Task item: Repeat only the lines from the one containing "A George III gold guinea, 1793, Good VF" to the final line below, exactly as they read, and leave every picture out.

[The records Boundary: Start]

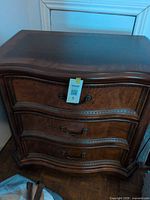 Front view of one dresser showing three drawers, serpentine front, brass-tone pulls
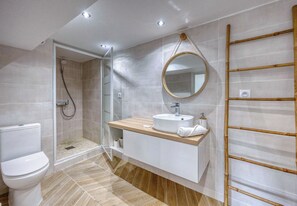 A modern bathroom with a toilet, shower, vanity with a sink, and a mirror.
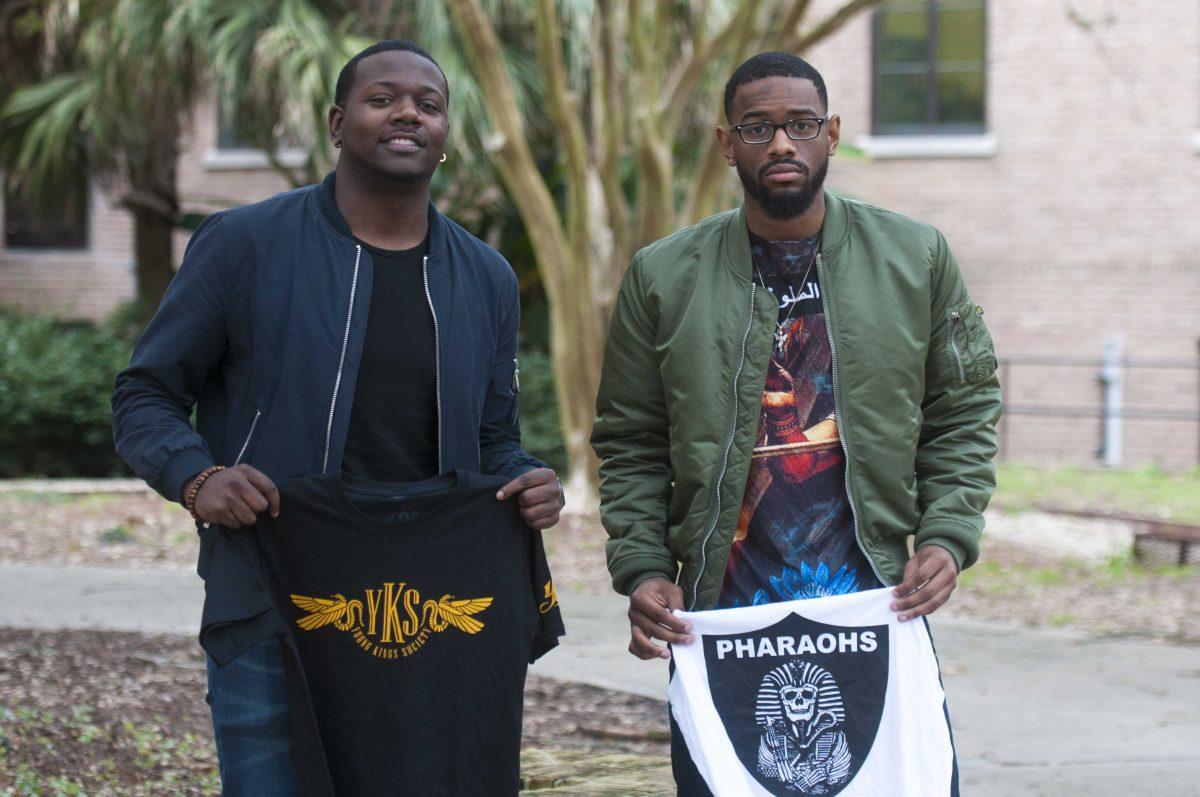 International trade and finance senior Travis Mamon (left) and general business senior Ottis Johnson (right) pose on Wednesday, Jan. 27, 2016, with clothing brand Young Kings Society merchandise.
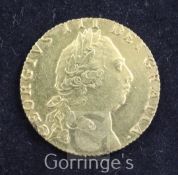 A George III gold guinea, 1793, Good VF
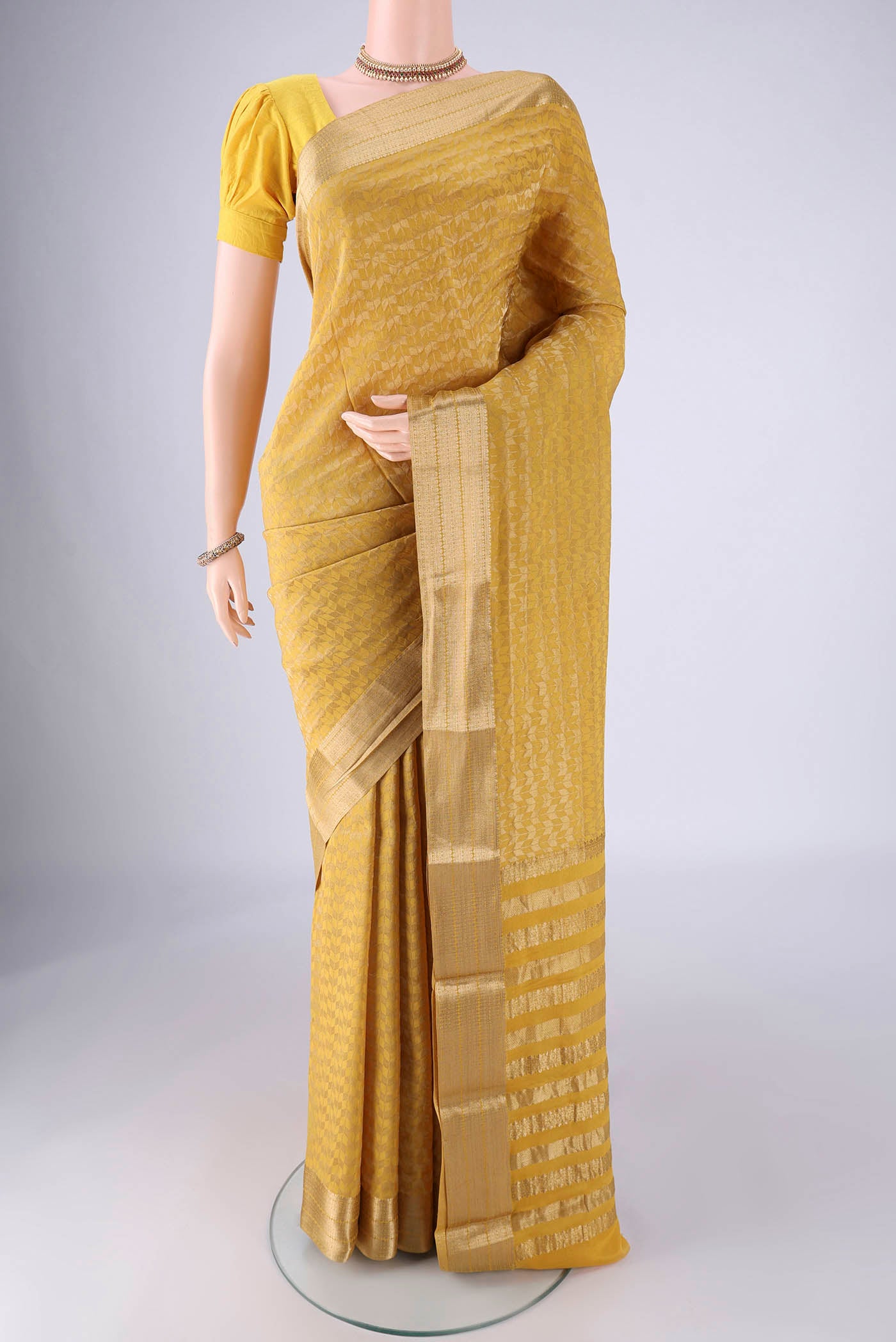 Yellow Mysore Crepe Saree with Zari Brocade on the body and Zari Border.  displayed on a mannequin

[The records Boundary: End]

Response to this exercise:
 A George III gold guinea, 1793, Good VF
 Yellow Mysore Crepe Saree with Zari Brocade on the body and Zari Border.  displayed on a mannequin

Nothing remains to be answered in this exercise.